日本古代史の本 武澤(たけざわ)秀一さん著『法隆寺の謎を解く』ちくま新書、2006年、新書版、280ページ、定価820円+消費税
この本の冒頭に書かれているように、法隆寺といえば「柿食えば 金が鳴るなり 法隆寺」(正岡子規さん作)で、これが「柿食えば 金が鳴るなり 鴨江寺」でもダメですし、「柿食えば 金が鳴るなり 飛鳥寺」でもダメですね。
法隆寺について「日本古代史の本」で、これまで、以下2つを書きました。3つめの紹介です。
日本古代史の本 雑誌『サライ 2013年1月号』「法隆寺」特集 2012年12月14日 05時12分41秒 | 雨宮日誌
日本古代史の本 谷沢永一『聖徳太子はいなかった』新潮新書、2004年 2012年12月15日 05時16分04秒 | 日本と世界の古代史
著者の武澤さんは工学博士で一級建築士なので、法隆寺の謎を、科学的に、歴史的に、論理的にしつこく追求しています。こういう本は、大好きです。

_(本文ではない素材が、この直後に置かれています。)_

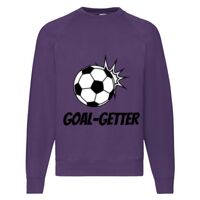 Classic 80/20 Raglan Sweatshirt Thumbnail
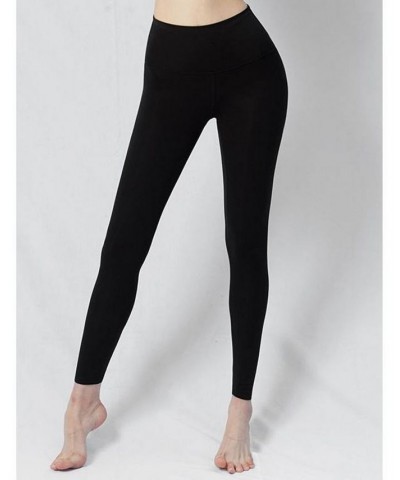 Basic Coziplex Leggings 27" for Women Cozy black $41.40 Pants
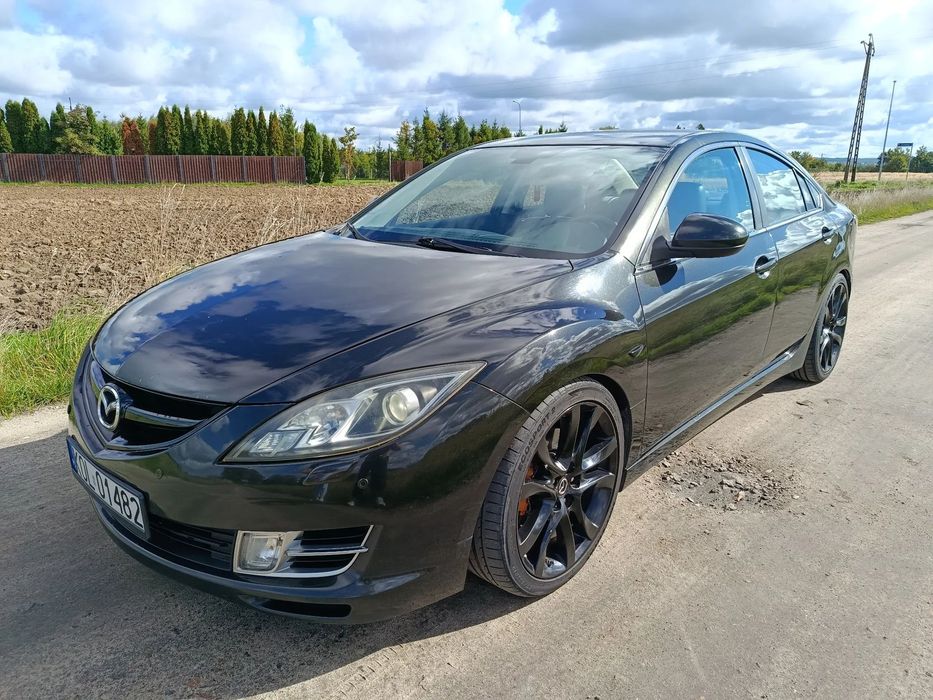 Mazda 6 Mazda 6 GH 2.0 diesel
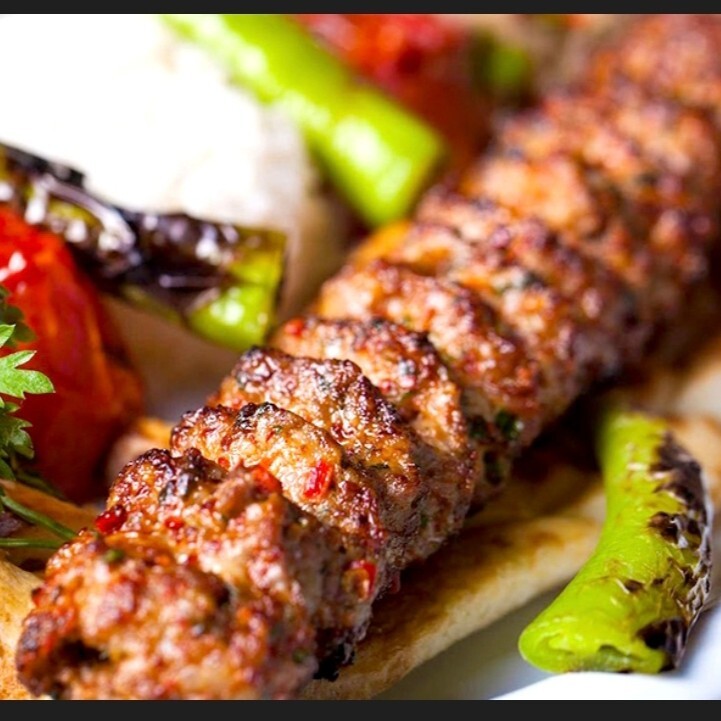 Adana Kebap (Acılı)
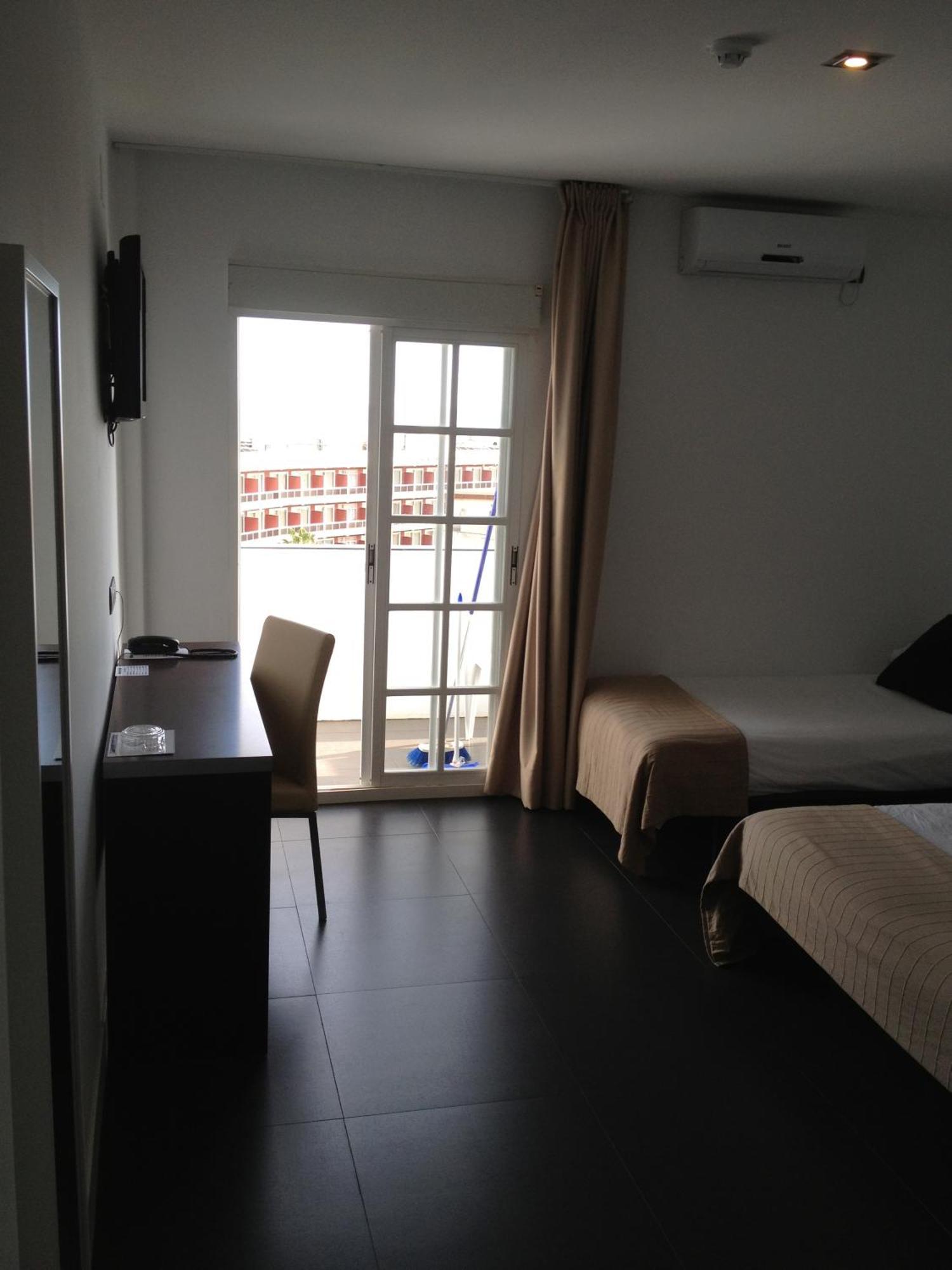 Hotel Natursun Torremolinos Dış mekan fotoğraf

おすすめです。
暗記物ではなく、一級の推理小説のような、推理物です。
ー法隆寺は「全焼」したのか?
ー法隆寺が全焼したなら「本尊」は焼けたのか?
ーなぜ「本尊」が2つもあるのか?
ーなぜ現在の法隆寺は左右対称でないのか?
ーなぜ門の真ん中に柱が立っているのか?
ー法隆寺の柱のエンタシスはギリシャ起源か?
ー法隆寺と同じように塔と金堂が横に並ぶ百済大寺との関係は?
ー同じ聖徳太子が作ったという四天王寺のタテ配置との違いはなぜ?
ー法隆寺は「怨霊」の寺なのか?
武澤さんは、法隆寺を追求するなかで、日本文化の原点、東西と南北、そして柱を巡る文化、時計回りと反時計回りなどを浮かび上がらせています。
武澤さんなどのこういう古代文化・古代民俗の追求を、ぼくも考えて、このブログで、これから紹介していきたいと思います。
☆
写真は法隆寺とは無関係ですが、ある日の雨宮家の夕食です。日本文化の模範のような、何でもありの、混合物です。あー、則子さんに作ってもらっていて、評論していてはいけませんね。ごめんなさい。ぼく、一生懸命、食べましたから、許してください。おいしかったです。
歴史科学の本も、自然科学の本も、良質の本は、良質の推理小説のように謎解きがおもしろくて、おいしいですね。おいしい日本古代史の本、おいしい古代遺跡、おいしい古墳、おいしい遺物を紹介していきたいと思います。